JAKARTA (RIAUPOS.CO) — Rancangan Undang-Undang (RUU) Ketahanan Keluarga langsung menyulut kontroversi di tengah publik. RUU tersebut dinilai terlalu mengatur hal privat dalam urusan keluarga. Mulai tugas suami, istri, hingga kewajiban negara membentuk lembaga khusus untuk mengurus penyimpangan seksual dalam suatu keluarga.

RUU itu diusulkan lima anggota DPR lintas fraksi. Yaitu, Ledia Hanifa dan Netty Prasetiyani dari Fraksi PKS, Sodik Mudjahid dari Fraksi Gerindra, Ali Taher Parasong dari Fraksi PAN, serta Endang Maria Astuti asal Fraksi Golkar.

Ada beberapa pasal yang disorot dalam RUU tersebut. Tugas suami dan istri, misalnya. Klausul itu tertuang dalam pasal 33. Kewajiban istri, antara lain, mengatur urusan rumah tangga. Dalam pasal itu, istri juga wajib memenuhi hak-hak suami sesuai dengan norma agama dan etika sosial.

Hal privat lain yang harus diurus negara terdapat pada pasal 33 ayat (2). Yakni, rumah harus memiliki ruang tidur yang tetap dan terpisah antara orang tua dan anak serta terpisah antara anak laki-laki dan anak perempuan.

Wakil Ketua Badan Legislasi (Baleg) DPR Achmad Baidowi mengakui RUU Ketahanan Keluarga adalah inisiatif anggota DPR. Dia menyatakan, RUU tersebut saat ini masih masuk tahap penjelasan pengusul ke baleg. ’’Karena inisiatif anggota, pengajuan dan pengharmonisasian draf RUU dilakukan di baleg,’’ kata Achmad Baidowi.

Saat ini draf RUU tersebut dibahas di panitia kerja (panja) baleg. Termasuk kemungkinan dikompilasi dengan draf RUU lain yang memiliki kemiripan. Di antaranya, RUU Kesejahteraan Ibu dan Anak serta RUU Kependudukan dan Keluarga Nasional.

Netty Prasetiyani, salah seorang pengusul RUU Ketahanan Keluarga, mengaku tidak bermasalah jika beleid tersebut menimbulkan reaksi publik.

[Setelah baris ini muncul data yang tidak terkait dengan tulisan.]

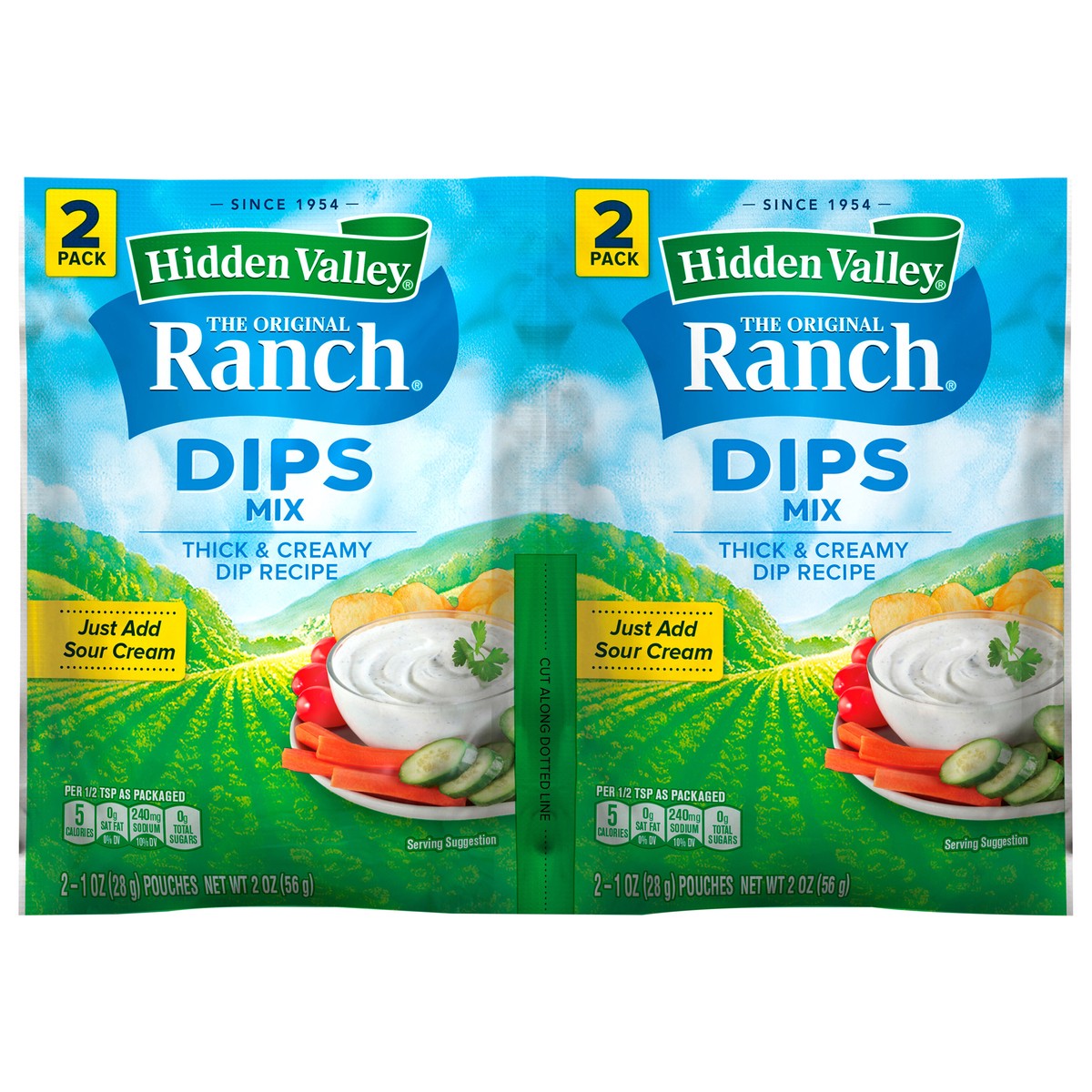 slide 1 of 7, Hidden Valley 2 Pack Ranch Dips Mix 2 ea, 2 ct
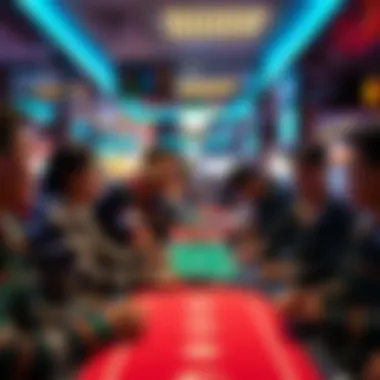 Vibrant Community Event A vibrant offline casino community event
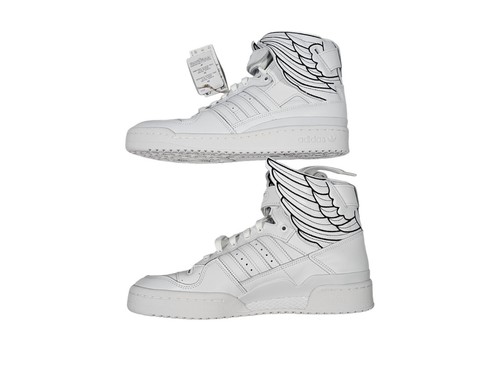 Adidas Wings 4.0 x Jeremy Scott Zapatilla Talla 13 EE. UU. 12 UK 48 UE Blanco Nube - Imagen 4 de 13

Dia menilai pro dan kontra di publik justru bagus untuk memaksimalkan pembahasan agar regulasi berkualitas. "Justru kita terbantu dengan sikap publik seperti ini," ujarnya.

Netty pun meminta masyarakat untuk membaca secara detail keseluruhan isi draf RUU Ketahanan Keluarga. Prinsipnya, RUU tersebut diklaim sebagai sarana untuk menciptakan keluarga tangguh.

Menurut dia, tujuan pengusulan RUU tersebut didasari fakta empiris terkait dengan kerentanan keluarga Indonesia yang sangat memprihatinkan. Kerentanan itu, jelas dia, tecermin dari angka kematian ibu yang masih tinggi. Dari 100 ribu kelahiran, ada 305 ibu yang meninggal. Itu sesuai dengan hasil survei pada sensus 2015. "Ini berarti dari 100 ribu kelahiran, ada 305 bayi yang kehilangan sosok ibu," tutur politikus PKS tersebut.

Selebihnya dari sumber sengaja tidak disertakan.